Monday, September 23, 2013

Butler’s Backtrack


Style points, and why they don’t matter
Posted by Constable Butler
To date, the Gophers are 4-0 and they beat their toughest non-conference opponent handily Saturday afternoon at The Bank.  Sure, many Gopher fans say, but they’re in trouble when they get to the B1G unless they can show a stronger passing game.

Maybe that’s true.  But I had a little déjà vu on Saturday.  My buddy Dave was in the stands for this game, just as he was in 2010 when the Tim Brewster-led Gophers lost 34-23 to Jerry Kill’s Northern Illinois squad early in the final season of Brewball.  I remember Dave turning and looking at me early in the fourth quarter and saying, “They’re just flat out better than us.”   And I agreed.  They ran the ball better, they blocked better, they took fewer penalties, they executed on third down, and they put the game away in the fourth quarter.  The one thing they didn’t do better?  Pass the ball.  I had to go back to the box score. 
Kill's ground-control game worked wonders with
Mitch Leidner (7) and David Cobb (27) Saturday.
Adam Weber was 31 for 46 that day for 373 yards , 2 touchdowns, and 1 interception for our beloved Gophers.  That’s a solid day, and certainly an impressive yardage total.  NIU’s Chandler Harnish?
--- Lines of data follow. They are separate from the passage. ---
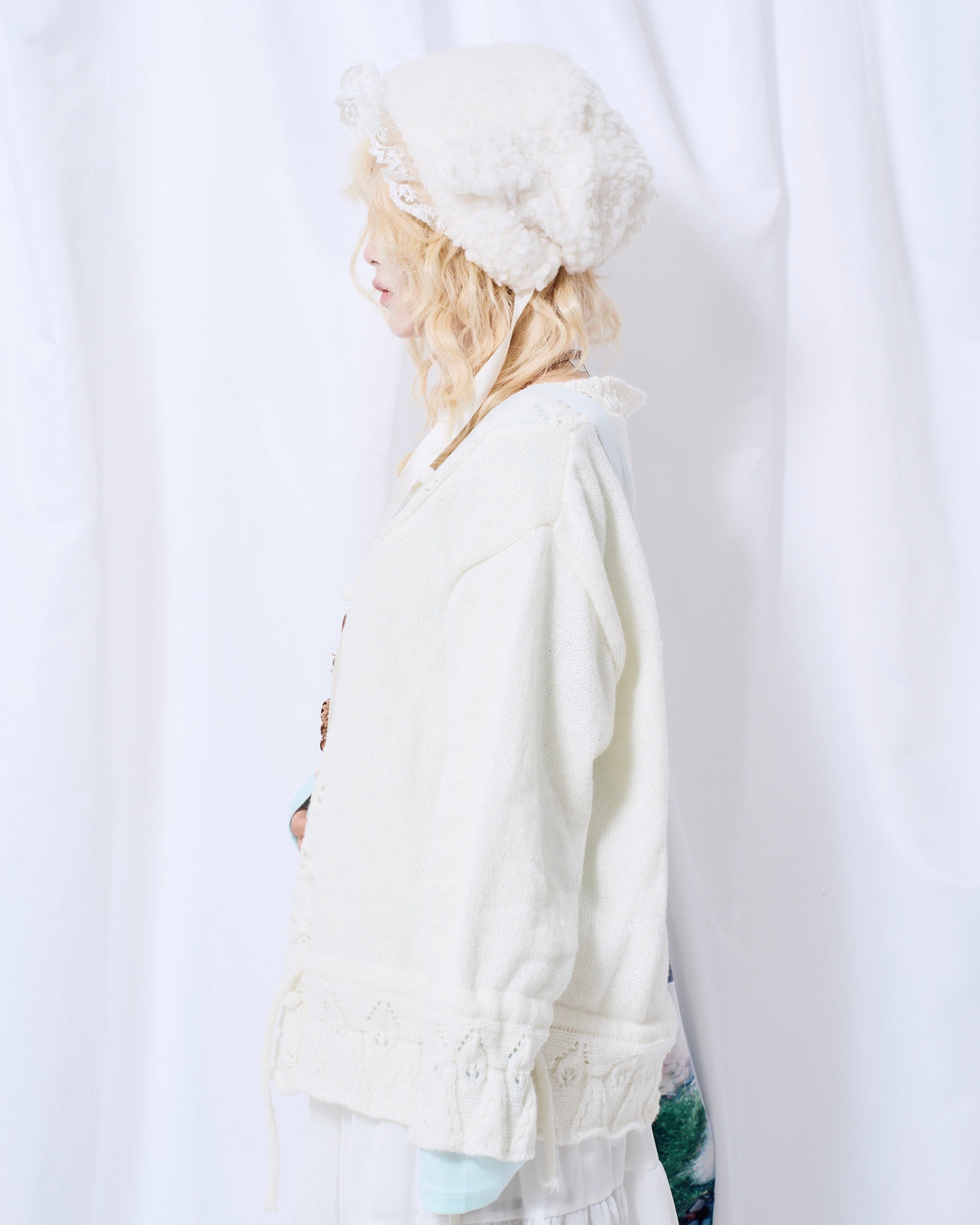9/18 20:00 発売 国際配送【Nerd out XU】Cozy Vintage Gray Bubble Knit cardigan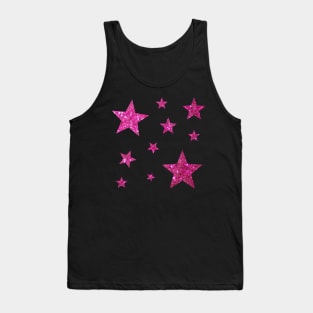 Hot Pink Faux Glitter Stars Tank Top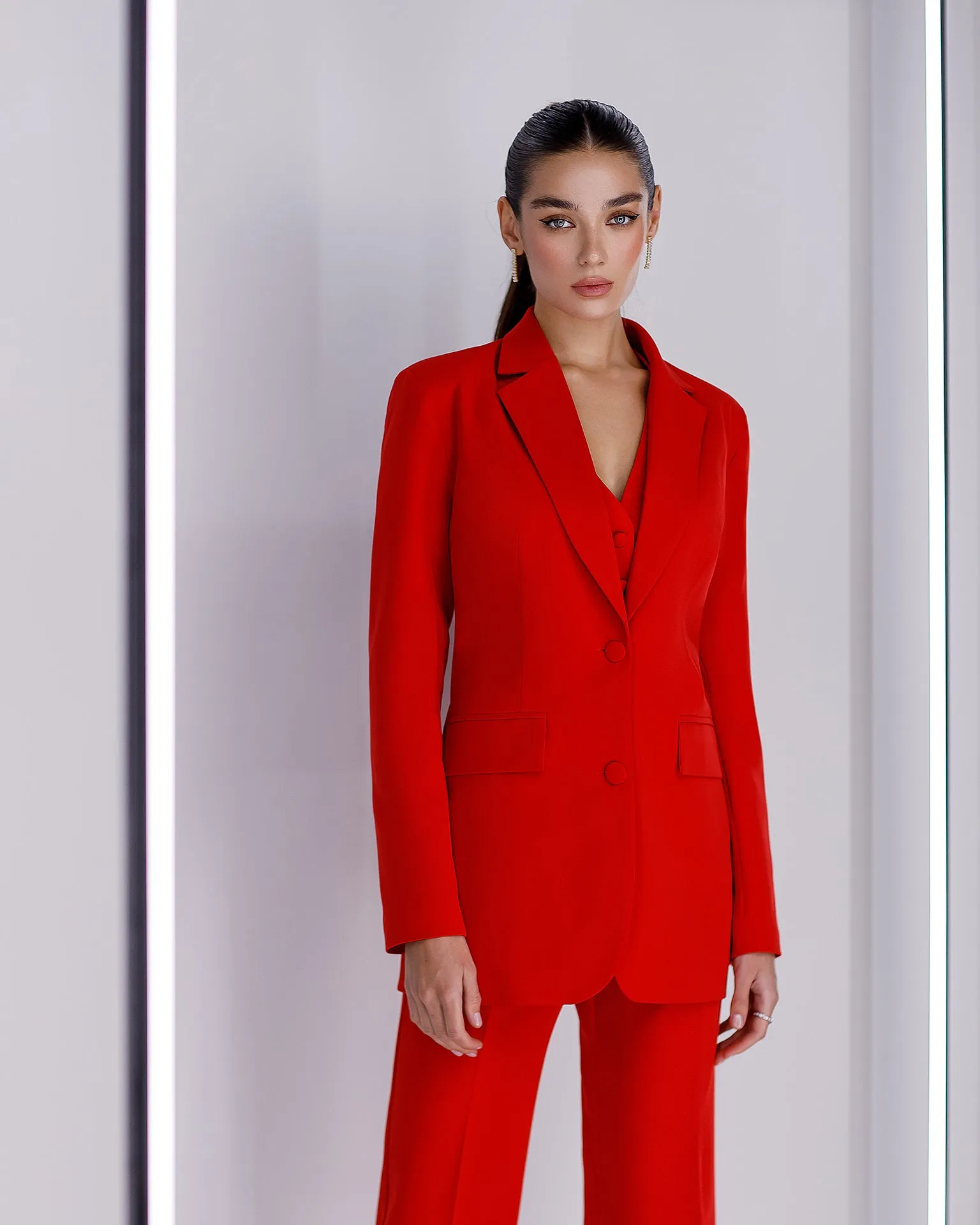 Red Regular-Fit 3-Piece Suit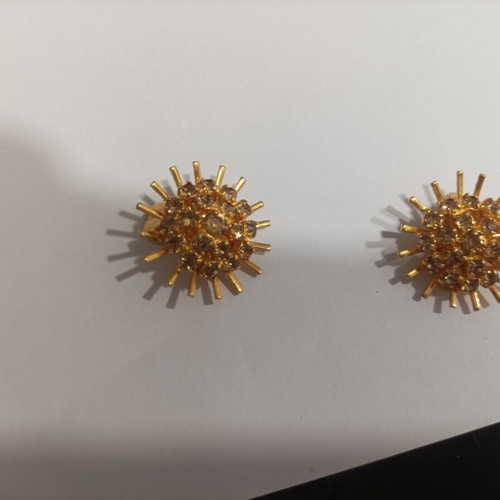Sun-shaped clip-on earrings, antique, 100 years old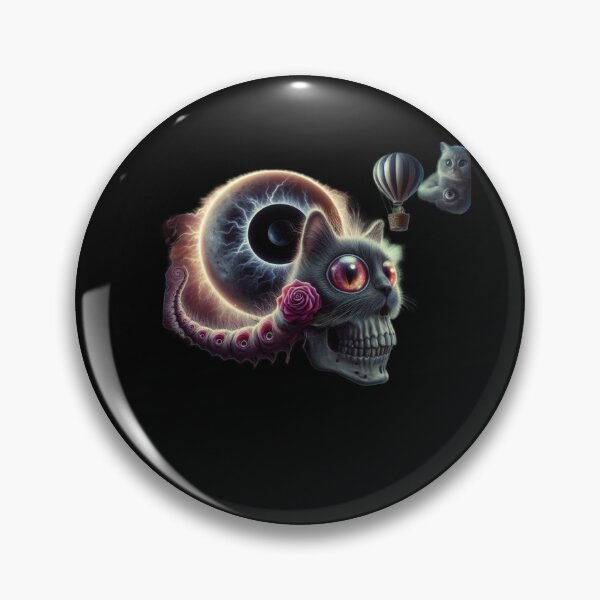 Item preview, The Eyeball Eclipse – Creepy Cute Skull Cat Caterpillar designed and sold by LujziWorld.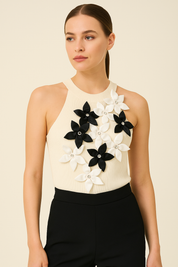 Monochrome Blossom Label Top
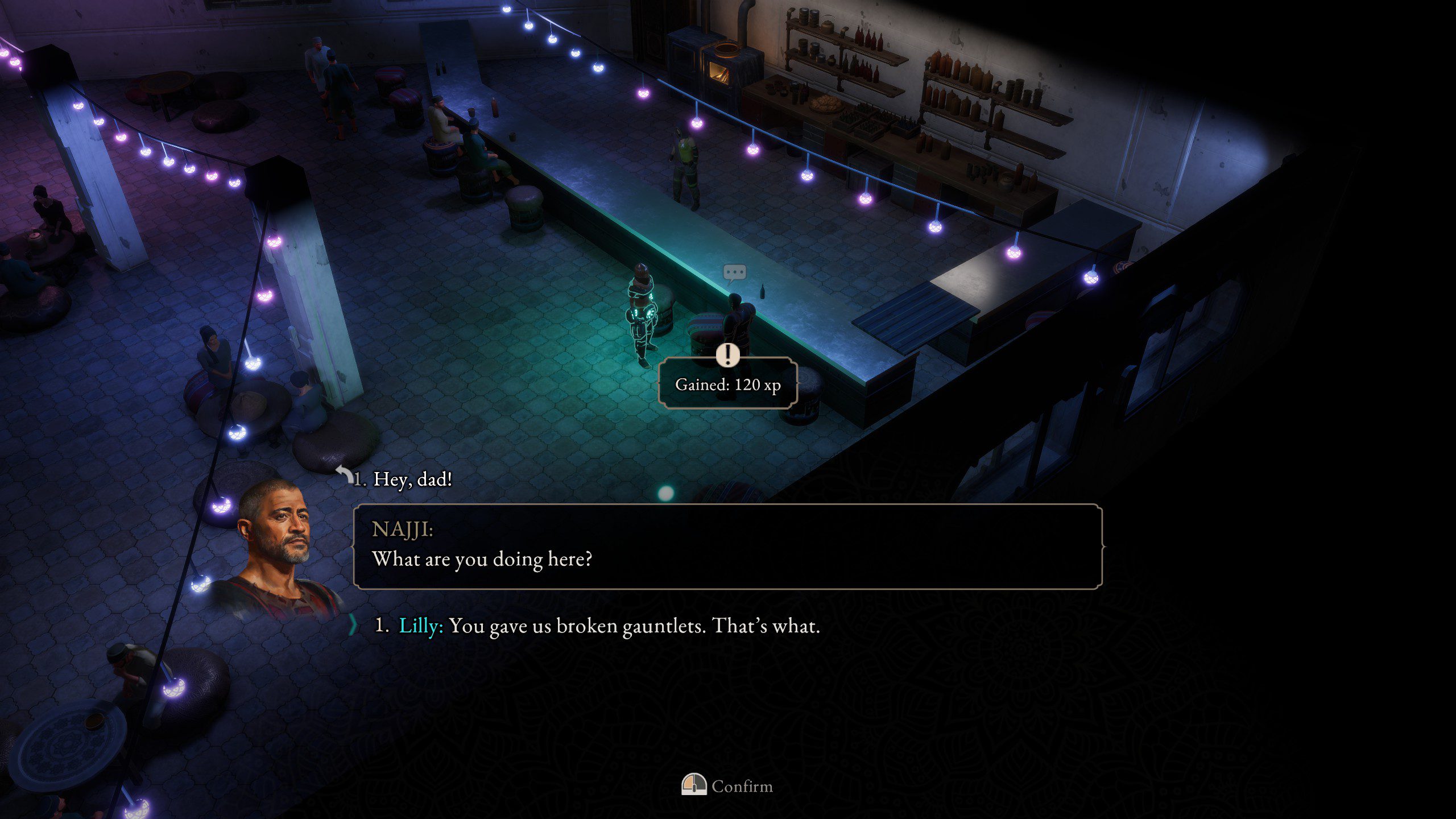 A dialogue scene in Coridden in a futuristic tavern.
He was a Mitch Leidner-like 11 of 17 for 81 yards.  NIU rushed for 297 yards that day. 
That they didn’t throw the ball around didn’t matter against a squad from the Big Ten.  They executed their system, ugly as it may look, and pushed around a Big Ten team on the ground.  They did it with a diverse running game with varied formations.  They had too many ways to beat us on the ground for us to be able to stop them. 
Do I wish we’d seen more from the Gopher passing game to this point?  Yeah, a little.  On the other hand, we saw the jet sweep to KJ Maye added to the fold this week and we’re seeing serious production from David Cobb, Roderick Williams, and hopefully soon Donnell Kirkwood again, not to mention what both Leidner and Nelson bring to the rushing game.  The maroon and gold had rushing yards with one back, two backs, three backs, and no backs lined up in the backfield with numerous formations and multiple types of motion. 
This is what we should have known we were getting when Jerry Kill was hired.  And when there are so many ways to beat teams on the ground, I guess style points really don’t matter all that much.